[Phpwm] updating an array

[David Goodwin]

alan dunn wrote :
> I am simply(!) trying to read through an array comparing the key with a 
> string (product code) and where I find a match add the corresponding 
> quantity to the existing quantity.
> 
> if($match) {$prodarray[$key1] = $prodarray[$key1] + $qty2; }
> 
> If I echo $prodarray[$key1] immediately after this line I get the 
> increased value. But after continuing to cycle through the array the 
> changed value is lost.
> 
> I have some recollection of a group discussion about arrays being read 
> into memory, or proxy values or some such?

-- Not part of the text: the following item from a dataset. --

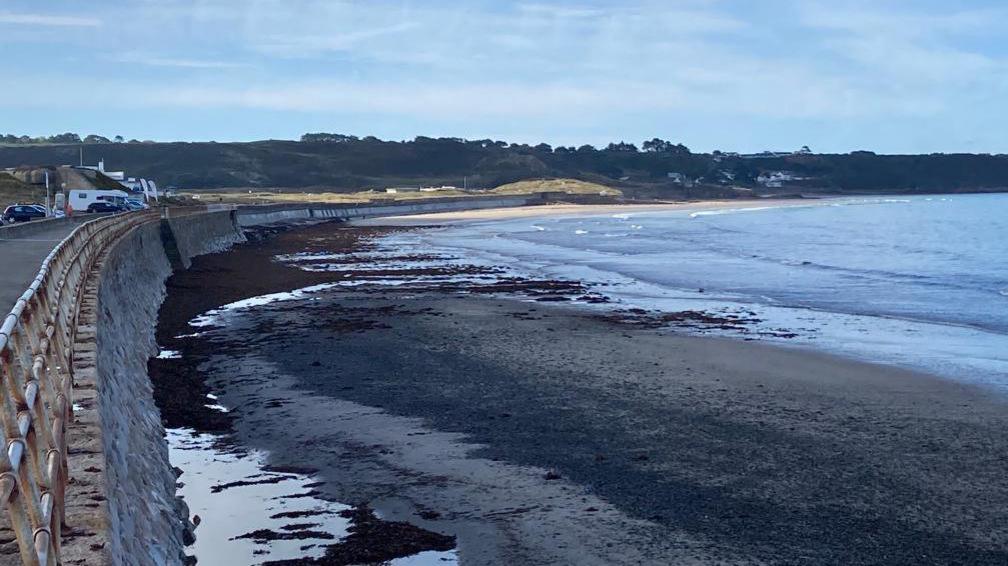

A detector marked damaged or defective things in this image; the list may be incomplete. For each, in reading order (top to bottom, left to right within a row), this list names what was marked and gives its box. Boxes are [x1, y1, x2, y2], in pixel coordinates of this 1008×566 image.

rusty metal railing [0, 211, 159, 564] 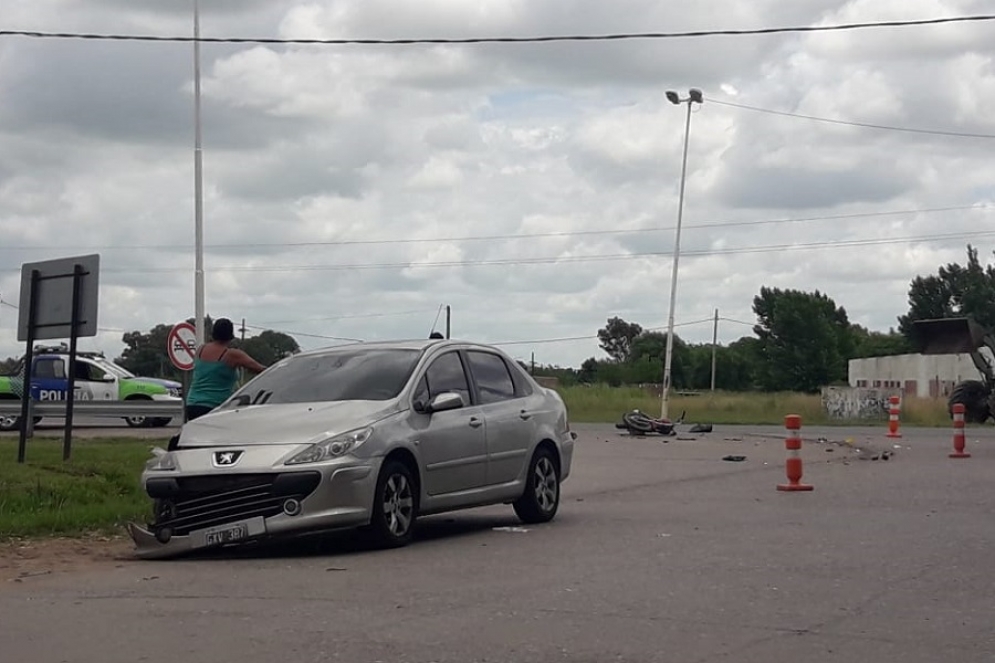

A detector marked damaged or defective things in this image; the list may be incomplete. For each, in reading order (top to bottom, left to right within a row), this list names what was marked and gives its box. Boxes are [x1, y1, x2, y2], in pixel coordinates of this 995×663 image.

damaged car hood [179, 400, 400, 446]
detached front bumper [128, 462, 382, 560]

Can anyone shed light on how 
> I get that value into the array?

Right, to elabourate on my previous post; I suspect you're doing your
matching/searching within a function.

I can do the following :

$list = array(5,4,3,2,1);
foreach($list as $key => $value) {
    if($value > 3) {
        $list[$key] = 9;
    }
}

print_r($list);

which will show : 9,9,3,2,1


If I change it to :

<?php
$list = array(5,4,3,2,1);
function whatever($list) {
    foreach($list as $key => $value) {
        if($value > 3) {
            $list[$key] = 9;
        }
    }
}
whatever($list);
print_r($list);

I'll get : 5,4,3,2,1

This is because of the fact that PHP4 (and PHP5 when not using objects)
does Pass by Value, not Pass by Reference.
(Java always does Pass by Reference).

i.e. When it runs inside the function it is a copy of the original
variable passed in; so the whatever function's $list is a copy of the
global $list. 

If we want to fix this, we can either :

a) Return $list from the function and assign it to $list globally
(globally = outside a function scope)
or
b) Pass by reference


To pass by reference you should put an '&' sign infront of variables in
the function declaration i.e.
$list = array(5,4,3,2,1);
function whatever(&$list) {
    foreach($list as $key => $value) {
        if($value > 3) {
            $list[$key] = 9;
        }
    }
}
whatever($list);
print_r($list);

will give 9,9,3,2,1

Or

$list = array(5,4,3,2,1);
function whatever(&$list) {
    foreach($list as $key => $value) {
        if($value > 3) {
            $list[$key] = 9;
        }
    }
    return $list;
}
$list = whatever($list);
print_r($list);

which will also give 9,9,3,2,1


>From a maintenance point of view, if you're going to use pass by
reference, make sure you use the '&' signs in the function signature,
and not at runtime when callign the function

i.e.
Good: function whatever(&$list) { ...... }
Bad : $list = whatever(&$list);

The reasoning being that you (the programmer) have to remember to put
the '&' in in the latter case, but not in the former, which could lead
to hard to track down bugs.


I'll assume that helps, and answers your question/problem, even if the
context isn't quite right.

David
</good-deed-of-the-day :-) >
-- 
David Goodwin 

[ david at codepoets dot co dot uk ]
[ http://www.codepoets.co.uk       ]